In the end, if Theo wants to leave after everything that the club has done for him and wants to go to Liverpool of all clubs then it makes me wonder about his character but also the nature of Arsenal as a club. Because unlike Robin, for whom the case could be made that he was one of Arsenal’s best players over the last 6 years, there are no such plaudits for Theo. And unlike Robin who can at least hide behind the hobgoblin of “seeking a move to win trophies” Theo going to Liverpool is certainly not about that.
As for what Arsenal have become, I think Arsene’s grand plan of bringing in youth players and building up their loyalty as they forge a core of champions for years to come, a sort of Golden Generation, would take its death blow with Theo leaving. The idea was two-pronged: get a core of players to develop together and pay them well in their youth so that they will be loyal later. Cesc, Theo, Song, and Robin did develop together and are arguable three of the best players in the world in their respective positions. They should be challenging for the League title season after season together from here on out. But what happened is that we found out you can’t buy loyalty because someone can always come along and pay more — and whether that’s in gold, silverware, or shared DNA, it’s a form of payment.

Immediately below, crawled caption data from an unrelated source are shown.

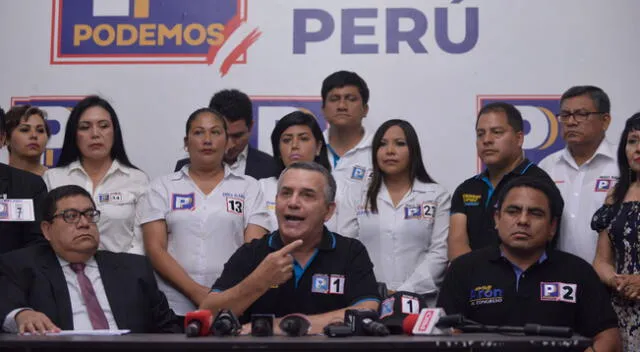 Podemos Perú rechazó que José Luna Gálvez haya interferido en la inscripción de su partido ante la ONPE con el favorecimiento de Adolfo Castillo Meza.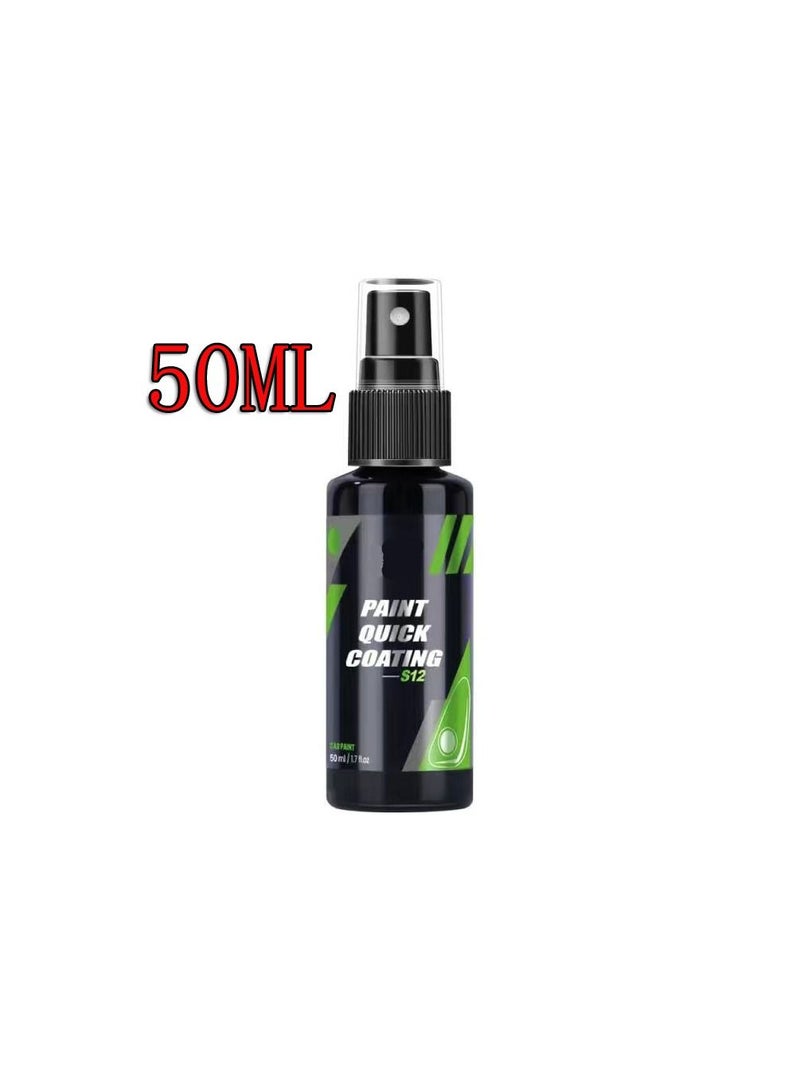 Generic 1-Bottle 50ML Car Paint Quick Coating Care,Nano Long Lasting Protection Hydrophobic Waterproof Spray,Crystal Liquid Polish Wax  - Image 1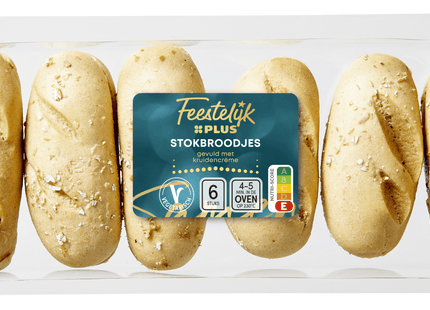 Feestelijk  Mini stokbroodje kruidenboter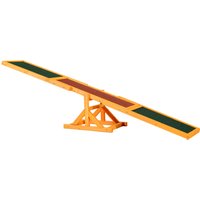 PawHut Hundewippe Agility Wippe für Hunde 180 x 30 x 30 cm, ideales Welpenspielzeug für Hundesport und Training Aosom.de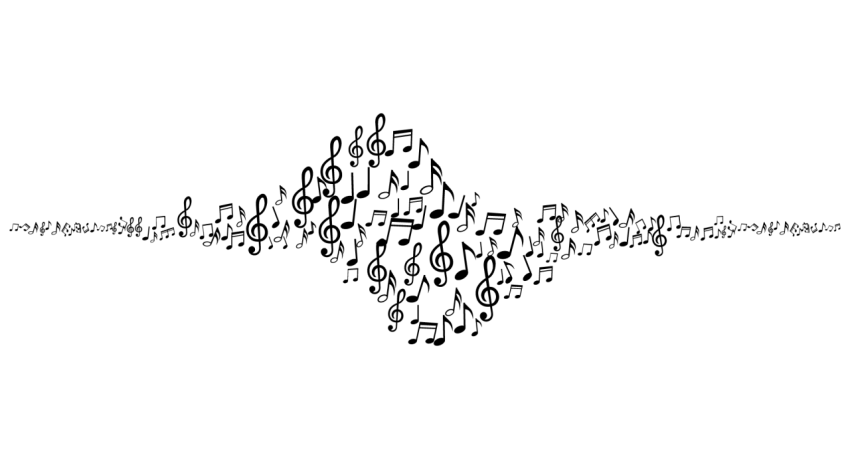 Musical notes png transparent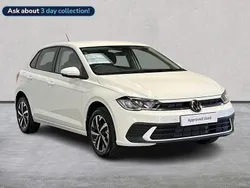 White New 2025 VW Polo Life Hatchback | £20,799 (Fair price)
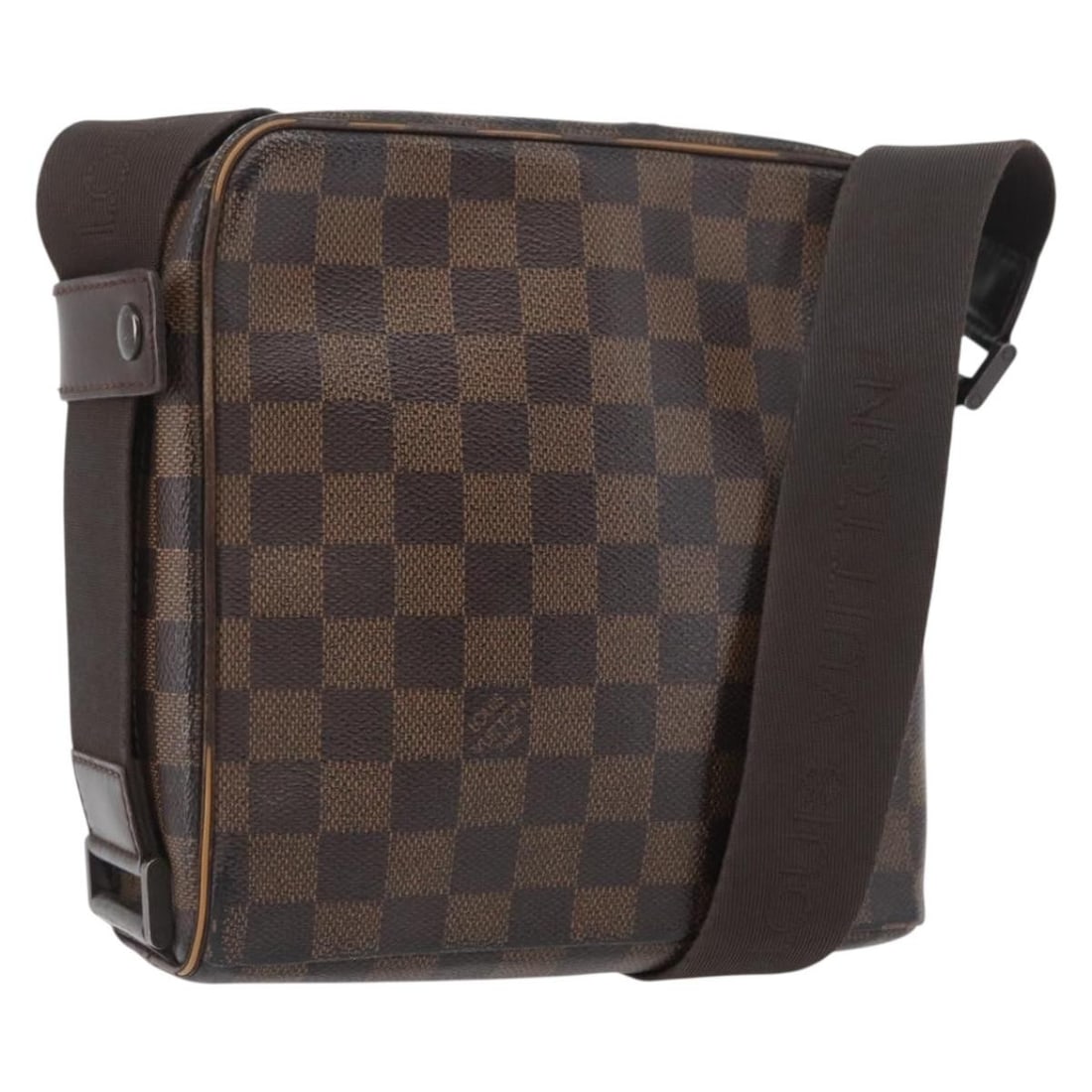 Louis Vuitton Olaf PM Damier Ebene Canvas Shoulder Bag N41442: Louis Vuitton Olaf PM Damier Ebene Canvas Shoulder Bag N41442 This is a Louis Vuitton Damier Ebene Olaf PM shoulder bag crafted from signature Damier Ebene canvas. It features a compact design with an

So, what is Arsenal now? Are we a feeder club to Man City? A creche for foreign players to develop their talent in and then return home? A club which is a stepping stone to Liverpool? And what happens when Wilshere is fully developed? The Ox?
I can’t really tell, but I think the key thing is for Arsenal to replace Theo with someone better — which even given his mediocre numbers, history of injury, and poor touch, is easier said than done.